» Your assignment:
Pictures stay out of the copy. Retype exactly the lines below from the one with "Sameodesma xanthocraspia" through the one with "Springador dogs for".

======== Stored data

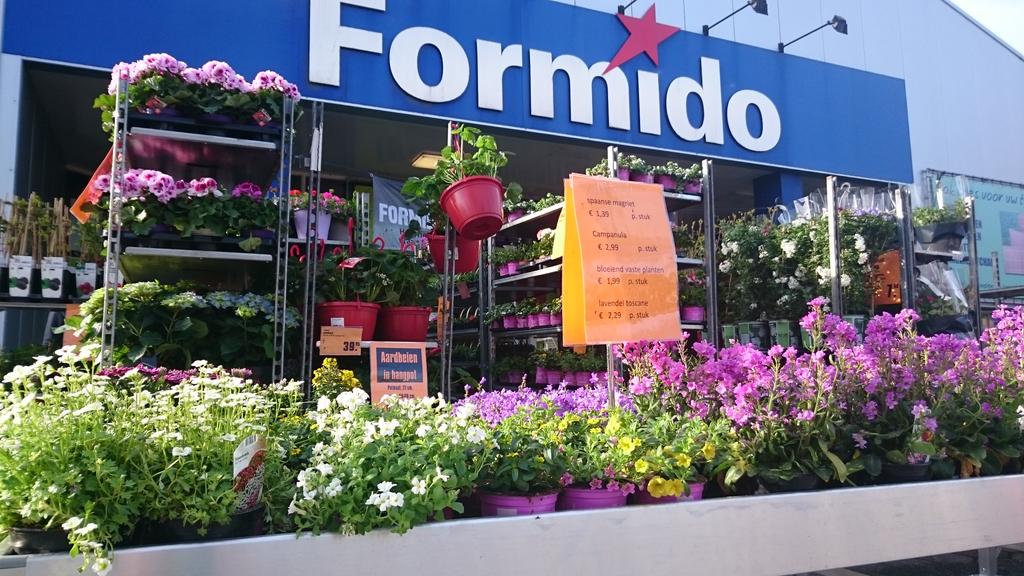 Formidoleeuwen's tweet photo. Wij zijn weer los! #formido #benedenleeuwen http://t.co/lXabWLrKAM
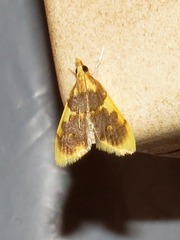 Sameodesma xanthocraspia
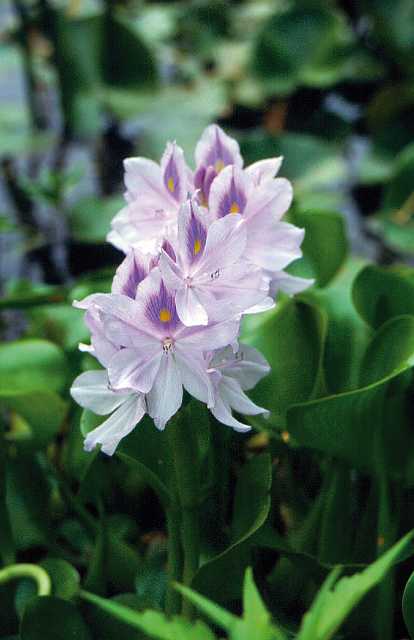 FH_Eichhornia_crassipes_003.jpg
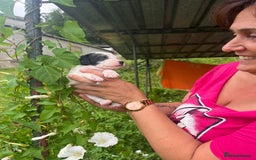 English Setter dogs for adoption: Setter x Pups (Rina's Puppies) - Image 26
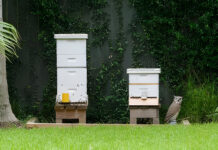 Entdecke die versteckten Bienenschwärme in deiner Stadt und probiere den köstlichen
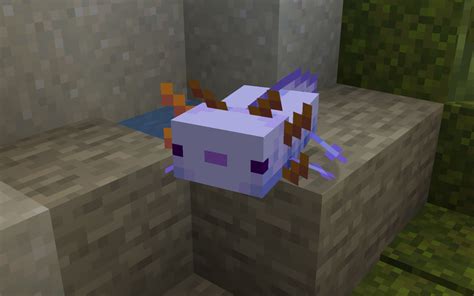 Blue Axolotl In Minecraft How To Get It Breeding Tips And More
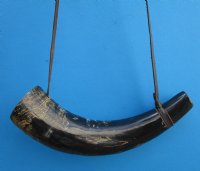 14-5/8 inches Viking War Horn with a Leather Strap, Blowing Horn - Buy this one for $24.99
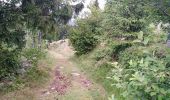 Tour Wandern Urbeis - Les deux lacs - Photo 19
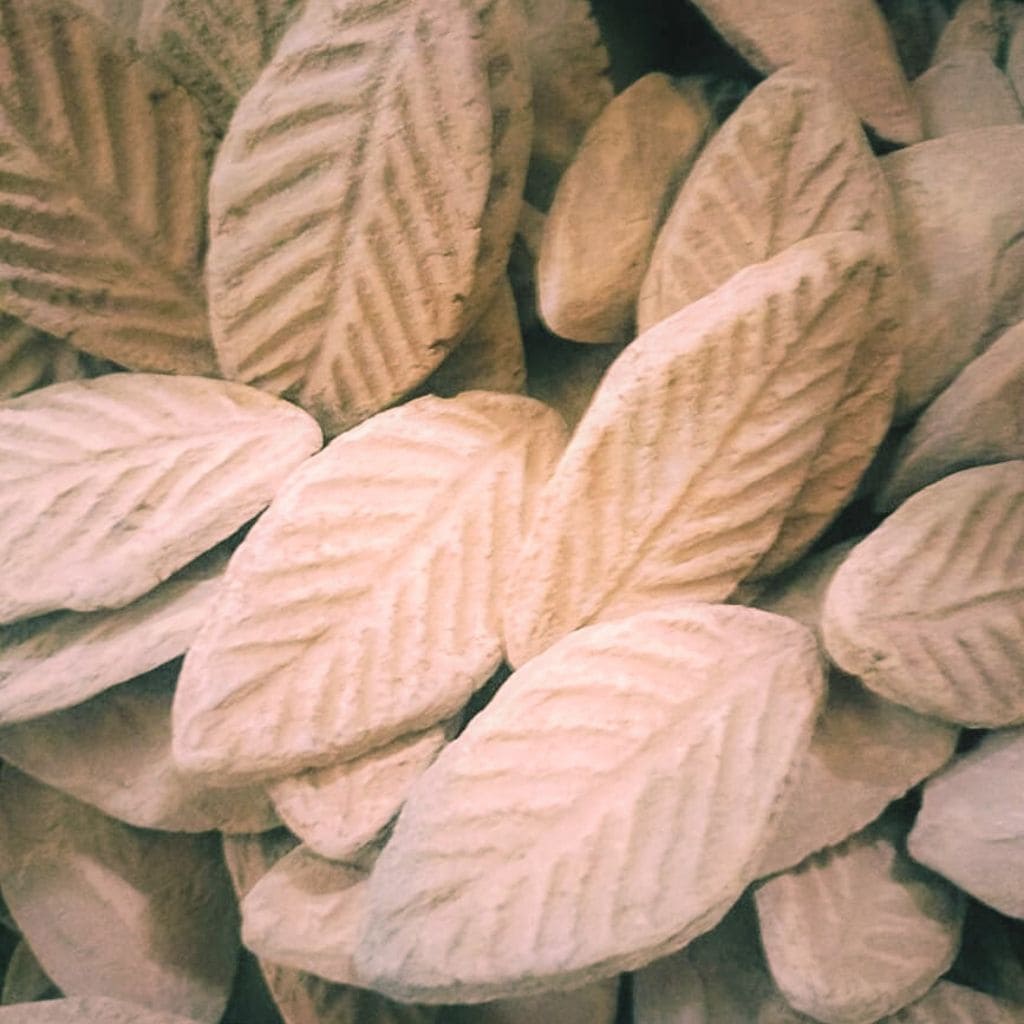 Bay_Leaves-1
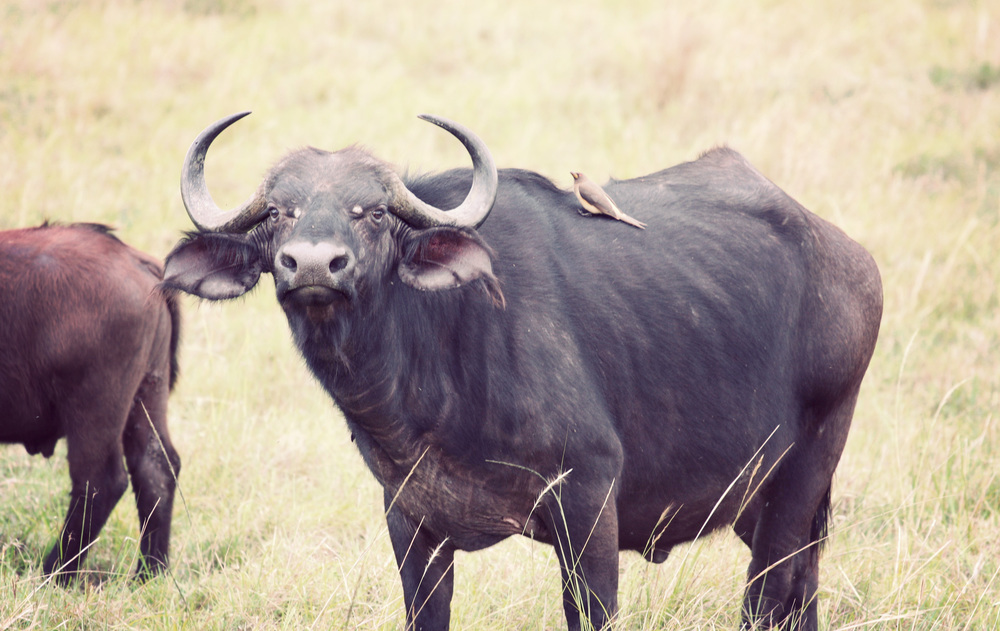  Buffalo with oxpecker pecking some tasty nits 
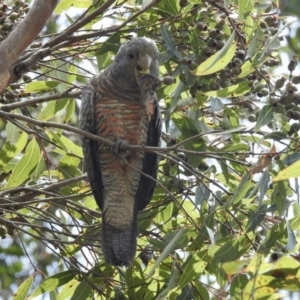 Callocephalon fimbriatum at Bargo River State Conservation Area - 11 Jan 2019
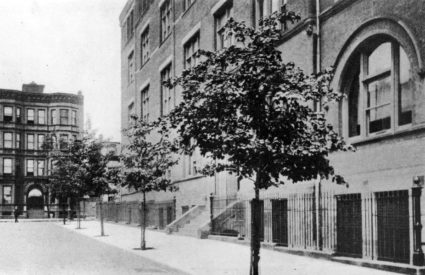 In 1919, 1,376 new Norway Maples were planted along streets in Brooklyn. Photo by Department of Parks of the Borough of Brooklyn, City of New York.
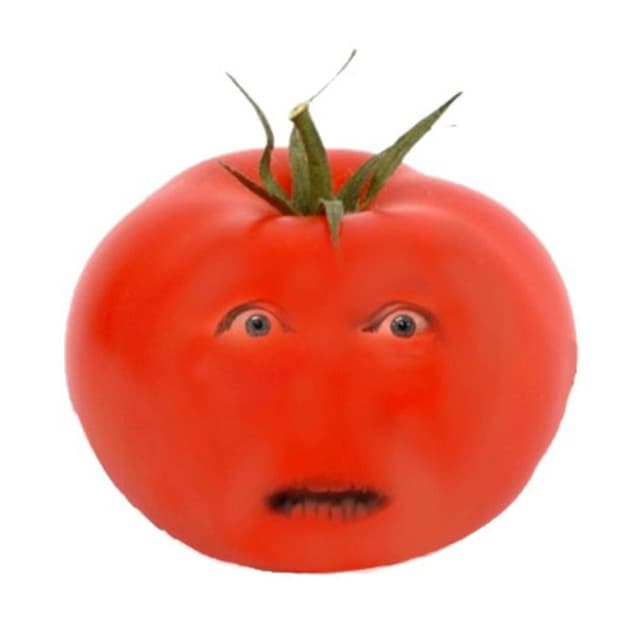 Het irritante tomaat lied! | Grappige liedjes - De Tekentovenaar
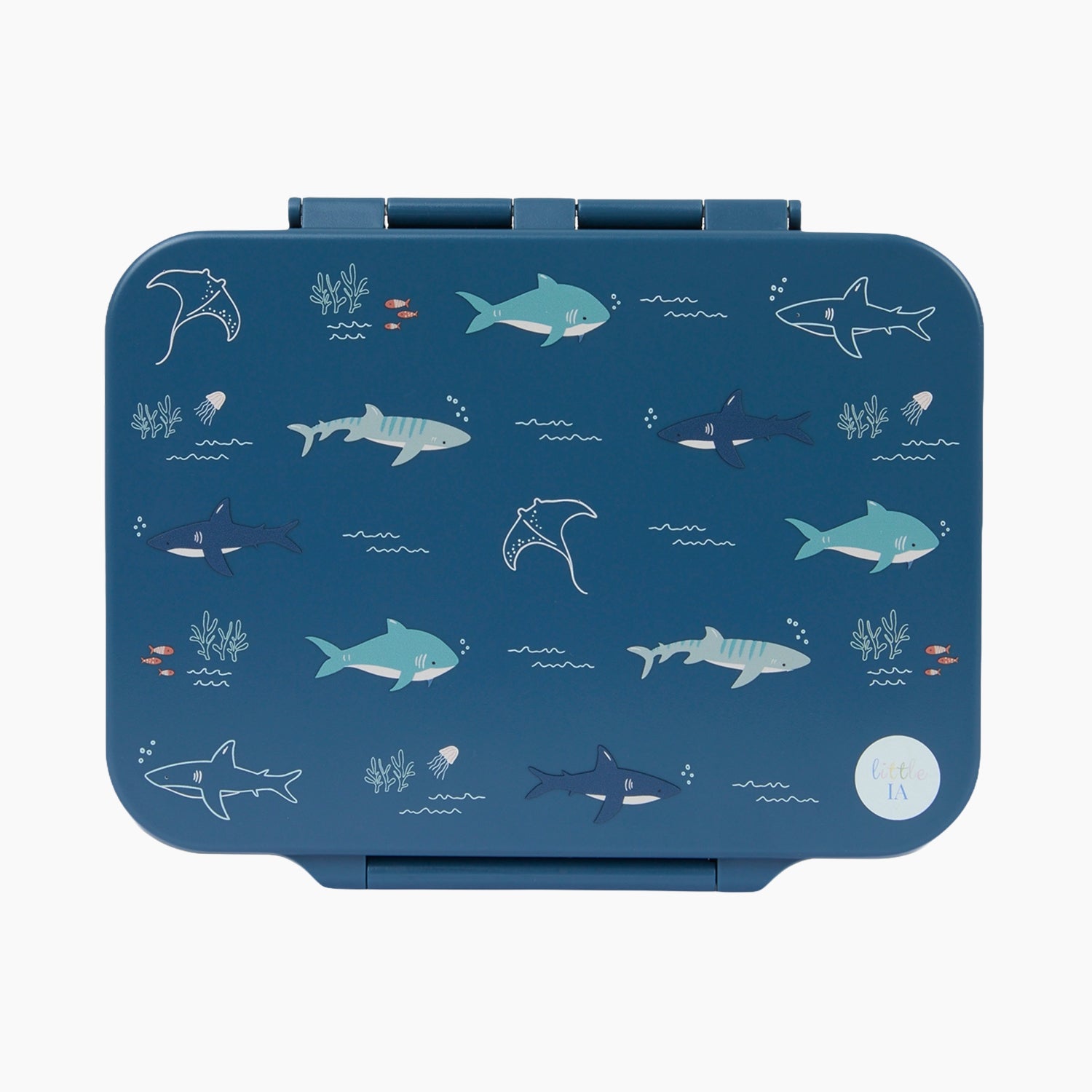 Open Water Tritan Lunchbox - 4 Compartments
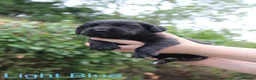 Springador dogs for sale: Springador Puppies – 1 Boy & 4 Girls - Advert 16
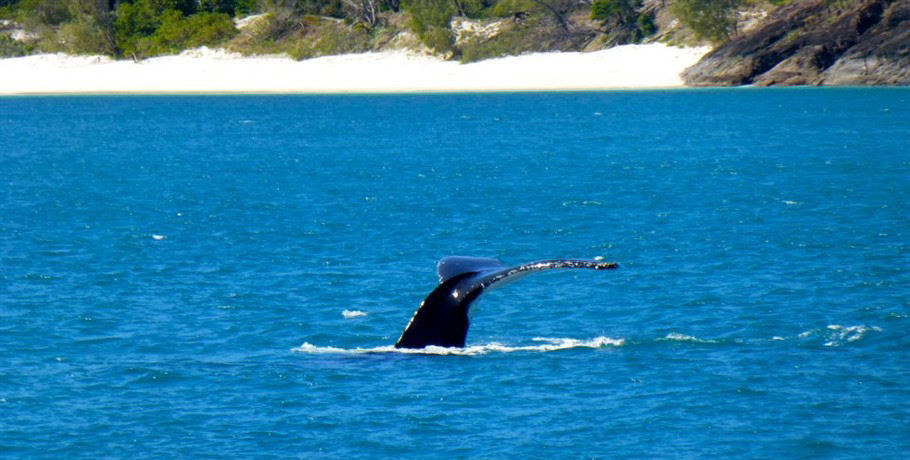 Whitehaven Xpress 10 Whitehaven Xpress - Image 10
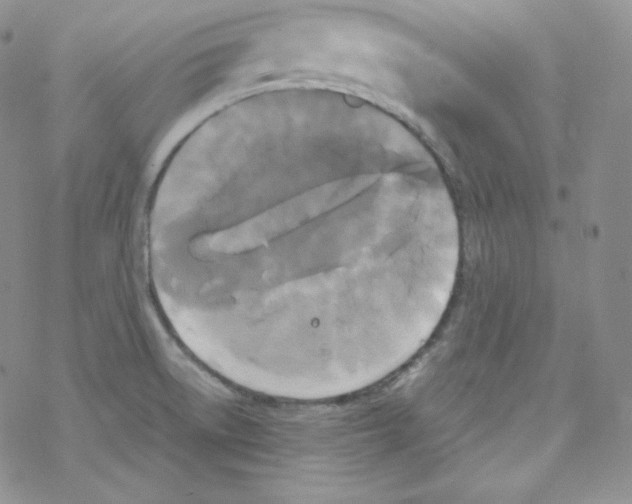 X0000069391522200606091704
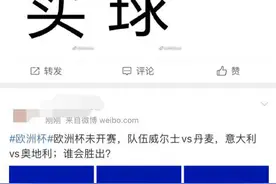 欧洲杯赌球调查：高仿网站横行，高利润诱惑玩家入局图片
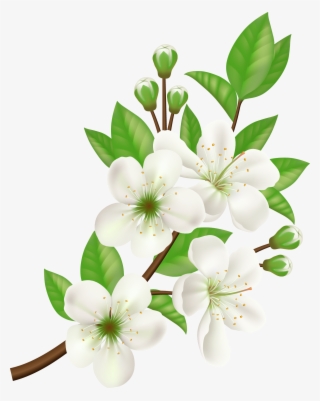 Royalty-free Computer Icons Flower - White Flower Vector Png #8272521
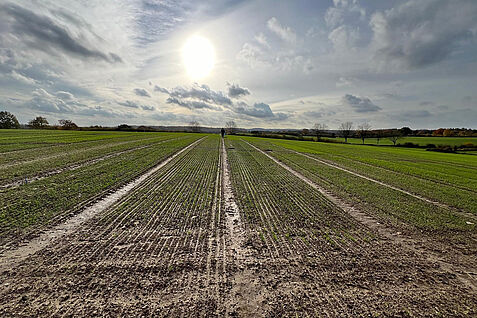 Abb. 3: Saatgutbeimpfungsversuch im Langzeitfeldversuch der Universität Kiel in Hohenschulen. Foto: Dr. Andrea Braun-Kiewnick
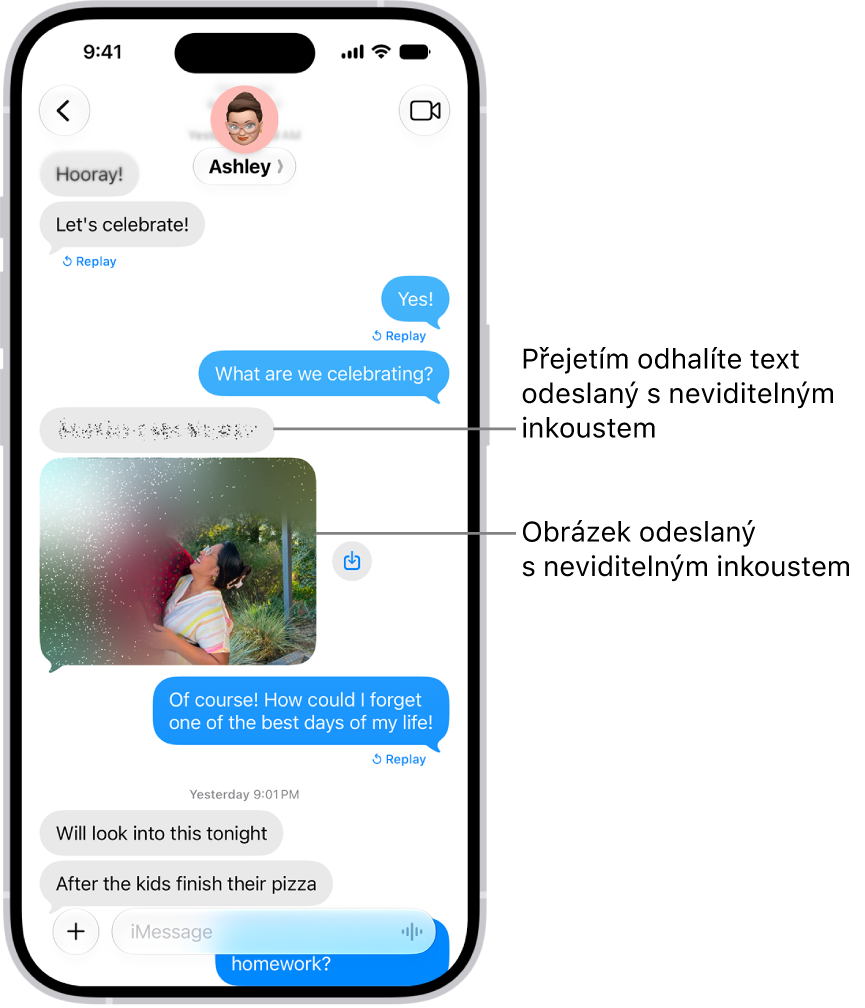 Konverzace v&nbsp;aplikaci Zprávy s&nbsp;textovou zprávou a&nbsp;fotkou odeslanou s&nbsp;efektem neviditelného inkoustu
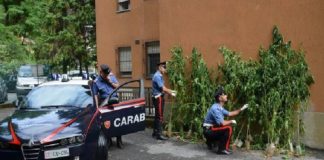 Aci Catena (CT): i Carabinieri lo hanno scoperto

================

» Task result:
 Sameodesma xanthocraspia
 FH_Eichhornia_crassipes_003.jpg
 English Setter dogs for adoption: Setter x Pups (Rina's Puppies) - Image 26
 Entdecke die versteckten Bienenschwärme in deiner Stadt und probiere den köstlichen
 Blue Axolotl In Minecraft How To Get It Breeding Tips And More
 14-5/8 inches Viking War Horn with a Leather Strap, Blowing Horn - Buy this one for $24.99
 Tour Wandern Urbeis - Les deux lacs - Photo 19
 Bay_Leaves-1
  Buffalo with oxpecker pecking some tasty nits 
 Callocephalon fimbriatum at Bargo River State Conservation Area - 11 Jan 2019
 In 1919, 1,376 new Norway Maples were planted along streets in Brooklyn. Photo by Department of Parks of the Borough of Brooklyn, City of New York.
 Het irritante tomaat lied! | Grappige liedjes - De Tekentovenaar
 Open Water Tritan Lunchbox - 4 Compartments
 Springador dogs for sale: Springador Puppies – 1 Boy & 4 Girls - Advert 16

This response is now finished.